▸ **Your goal**: Restate each of the lines below word for word and drop every picture.

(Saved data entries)
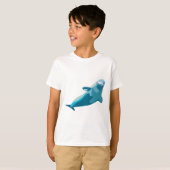 Bはベルーガ・クジラだ Tシャツ (正面フル)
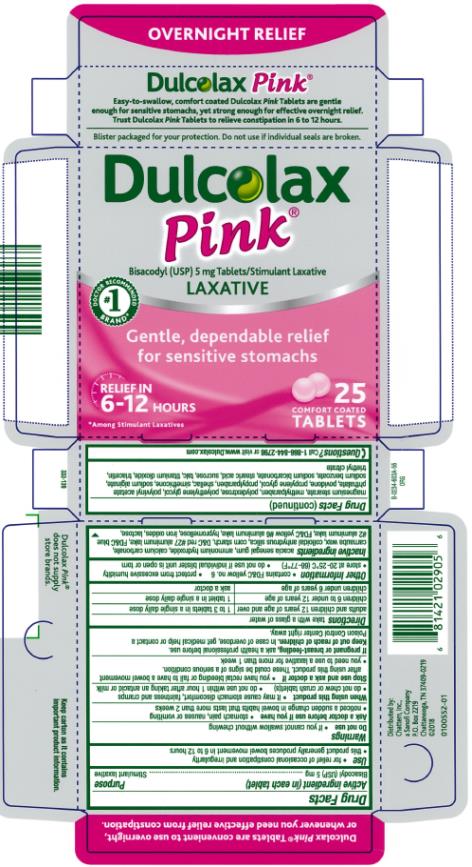 PRINICPAL DISPLAY PANEL
Dulcolax Pink
LAXATIVE
25
TABLETS
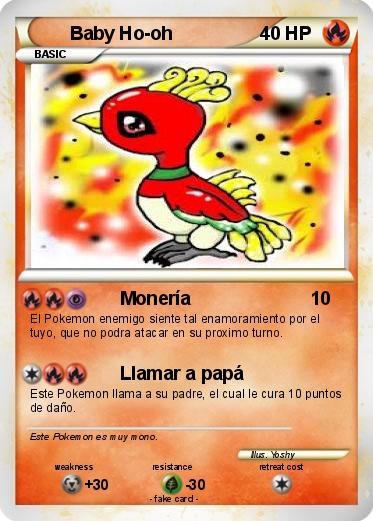 Pokemon Baby Ho-oh
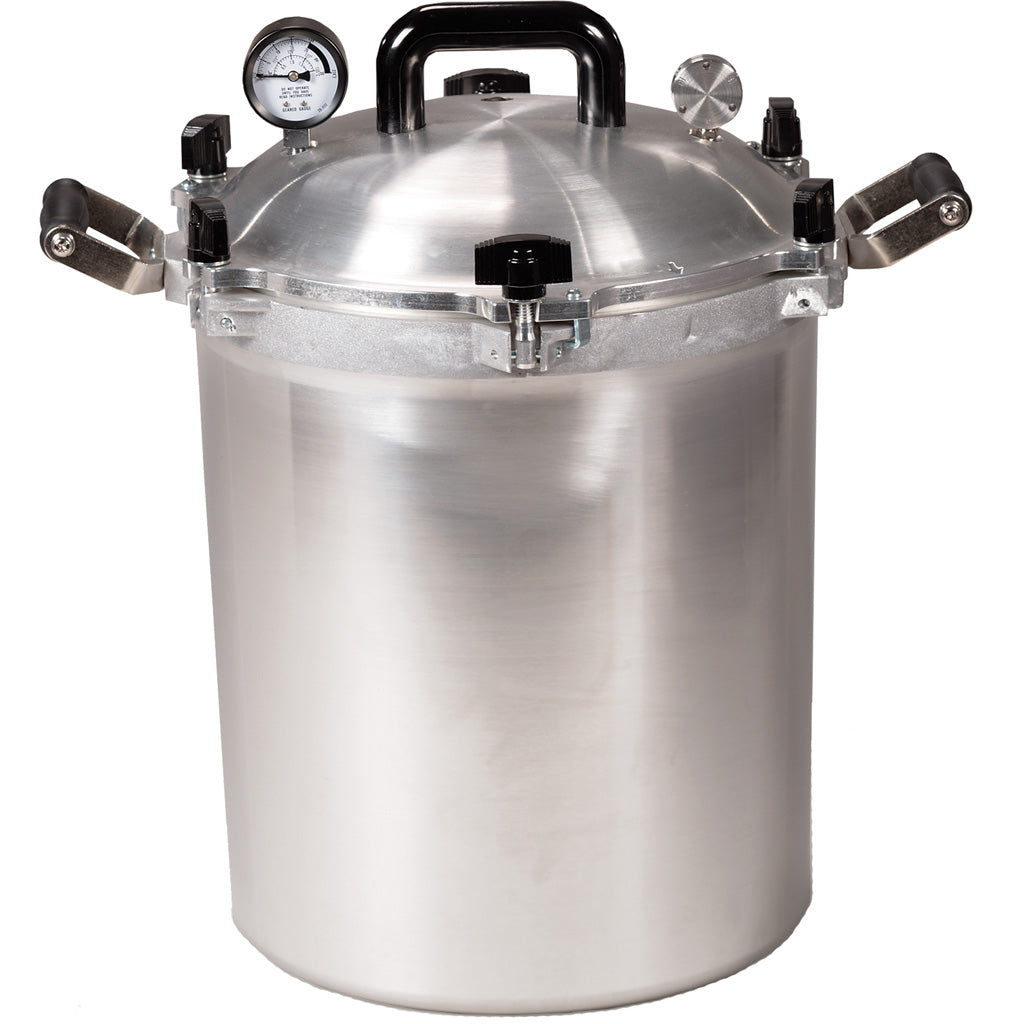 All American Canner Pressure Cooker in 30 Qt. - Front View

▸ **Reply**:
 Bはベルーガ・クジラだ Tシャツ (正面フル)
 PRINICPAL DISPLAY PANEL
Dulcolax Pink
LAXATIVE
25
TABLETS
 Pokemon Baby Ho-oh
 All American Canner Pressure Cooker in 30 Qt. - Front View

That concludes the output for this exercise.